• _Task goal_
In the data below, the copy begins at the line containing "pixel-art grid preview" and runs through the last line; repeat those lines exactly, minus the pictures.

• _Raw data_
====
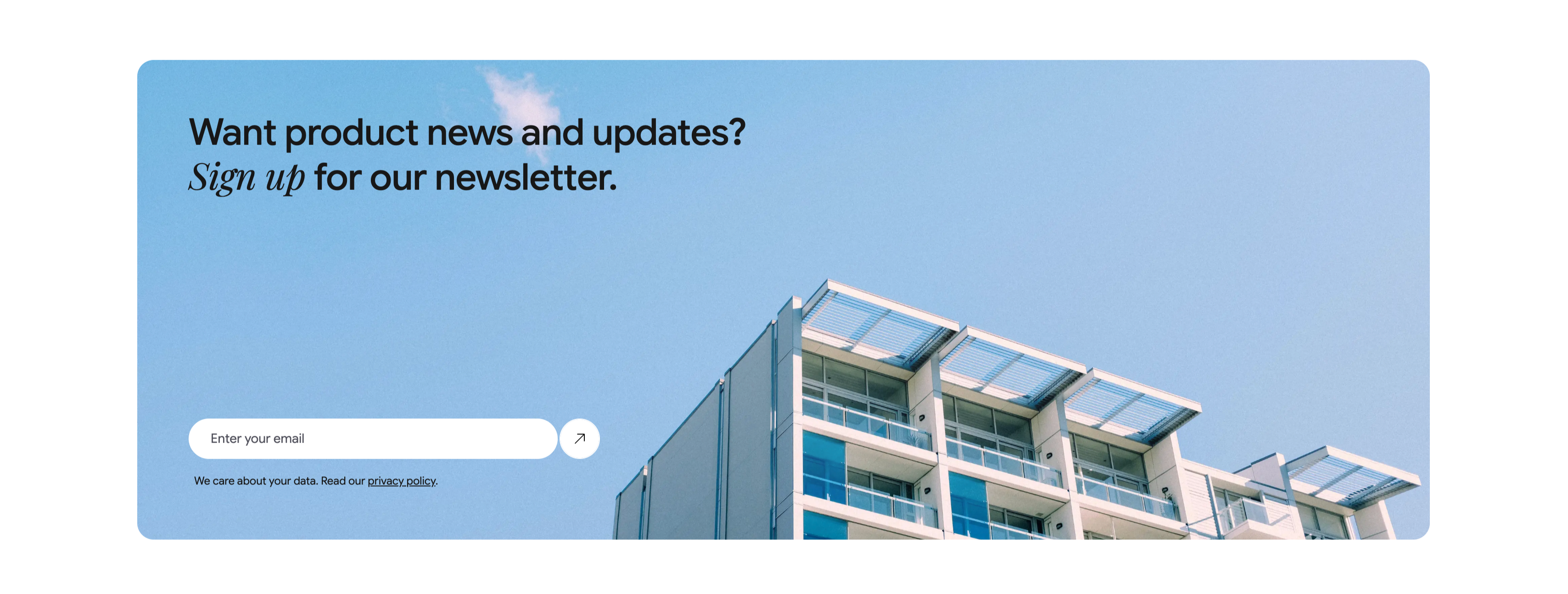 Newsletter Signup Banner With Email Field — CTA section from Ceepii-nextjs-template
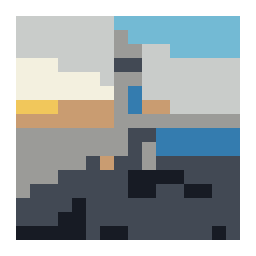 pixel-art grid preview of a white lighthouse on rugged coastal cliffs with a simplified color palette.
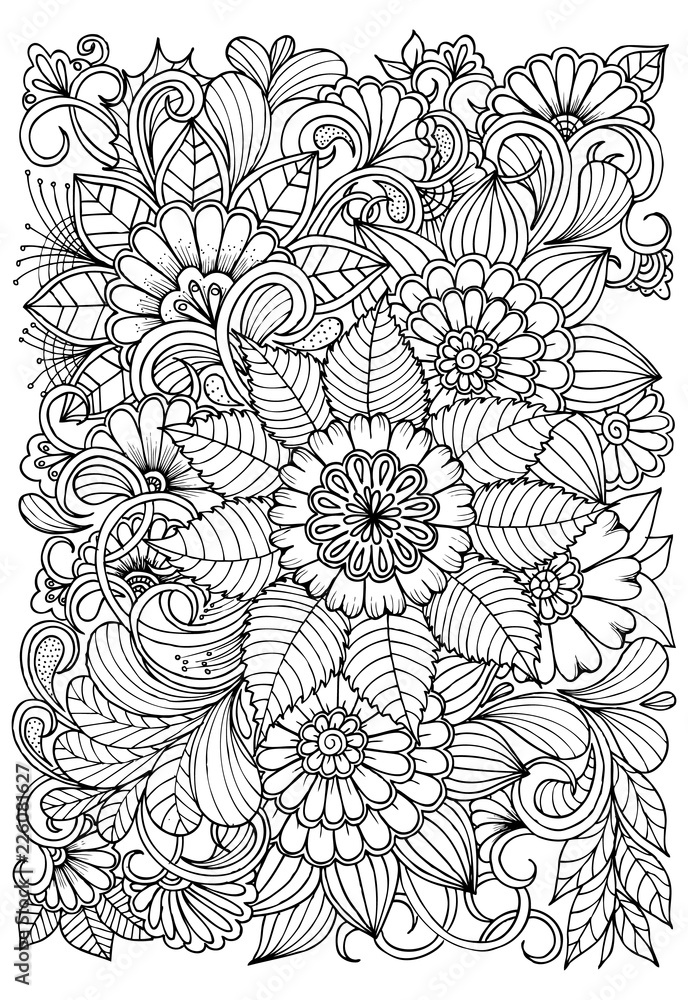 Outline vector drawing of flowers for adult coloring books. Page of ...
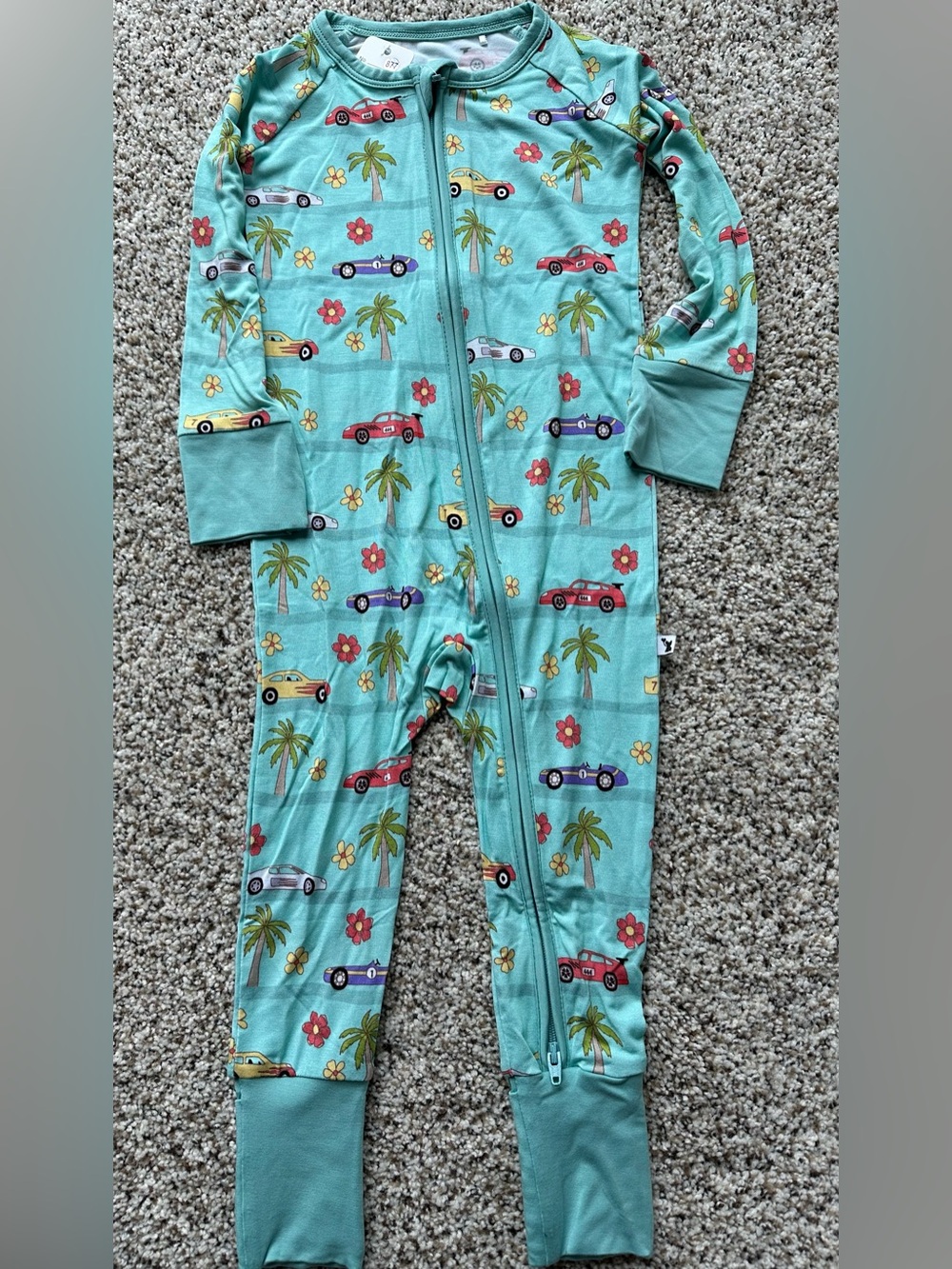 Mint Green Palm & Race Car Convertible Hands and Feet Bamboo One-Piece for Kids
====
• _Solution_
 pixel-art grid preview of a white lighthouse on rugged coastal cliffs with a simplified color palette.
 Outline vector drawing of flowers for adult coloring books. Page of ...
 Mint Green Palm & Race Car Convertible Hands and Feet Bamboo One-Piece for Kids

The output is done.